Прости, если мои прощальные слова покажутся тебе слишком сухими и не столь нежными, как те, которые ты привыкла слышать от меня. Но, видишь ли, я до сих пор не верю, что это – мое последнее письмо к тебе, что я больше не смогу обнять тебя и рассказать о своей любви. Еще верю, что какое-то чудо спасет нас всех, что мы вместе поедем во Францию…
Прощаюсь с тобой, уповая на чудо.
Макс, дорогой мой друг! Прости и ты, что покидаю твою сестру и тебя, но ты уже совсем большой мальчик, давно зовешься Максимом Николаевичем и бегаешь не за гимназисточками, а за взрослыми дамами, поэтому, не сомневаюсь: ты сумеешь позаботиться и о нашей ненаглядной Асеньке, и о себе. А поручение твоего отца, уверен, никто не выполнит лучше, чем ты.
Теперь о деле. Тетрадь и все остальное лежат в надежном месте. Наверное, ты миллион раз видел это место из бывшего моего окошка. Вспомни, как туда однажды улетел Аськин индийский шарф и мы с тобой пытались его добыть. Именно под той штуковиной, с которой ты снял шарфик сестры, и находится то, о чем идет речь. Посмотри внимательно, и ты увидишь, что в одном месте лист жести немного поцарапан. Там и ищи. Только будь осторожен и не свались, как в прошлый раз. Меня уж не будет рядом, чтобы поймать тебя, а лететь-то высоко!
Как видишь, все просто. А ты думал, в этом «таинственном письме» будет начерчен целый план с перекрещенными костями и черными метками? Увы, я безнадежно прозаичен, ты знаешь. Единственное, почему я прибегнул к столь романтическому способу сообщить тебе все эти сведения, это, повторюсь, опасение, что излишняя доверчивость и доброта твоей сестры и моей жены могут иметь роковые последствия для нас всех. Я просто не хочу, чтобы особа, в которой я подозреваю силу губительную, страшную, добралась до тайны, которая принадлежит даже не нашей семье, а двум великим странам – России и Франции.
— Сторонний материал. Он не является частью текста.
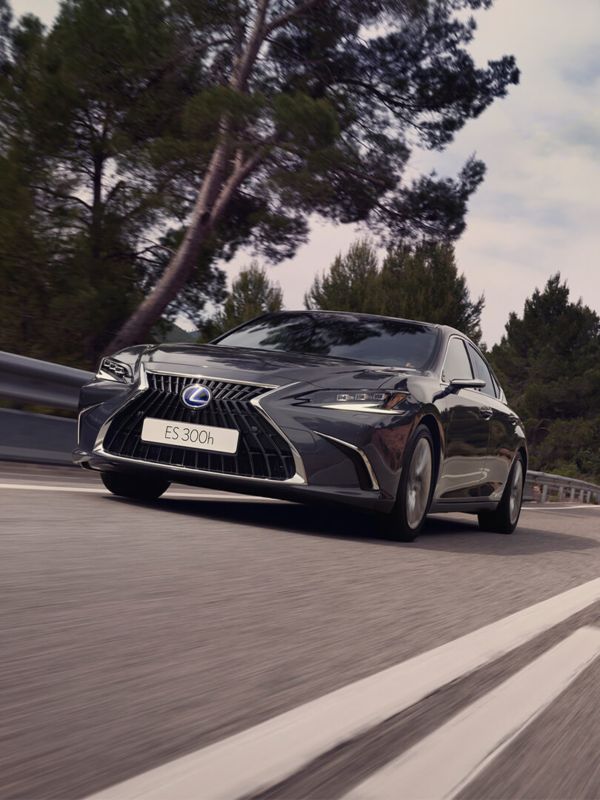 Lexus ES 300h driving on a road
Да, вот так высокопарно и торжественно!
Макс, прости и ты, если это письмо покажется тебе взбалмошным и невразумительным. Я, повторяю, все же не верю, что оно последнее в моей жизни. Все еще кажется, что избудется беда над Россией, все воротится, станет как прежде, что мы увидимся, обнимемся, выпьем твоего любимого шампанского, поговорим и выскажем друг другу все то, что так глупо выглядит на бумаге.
Dum spiro, spero . Надейтесь и вы, мои дорогие, мои родные.
Прощайте. Вечно любящий вас Алексей Борисоглебский.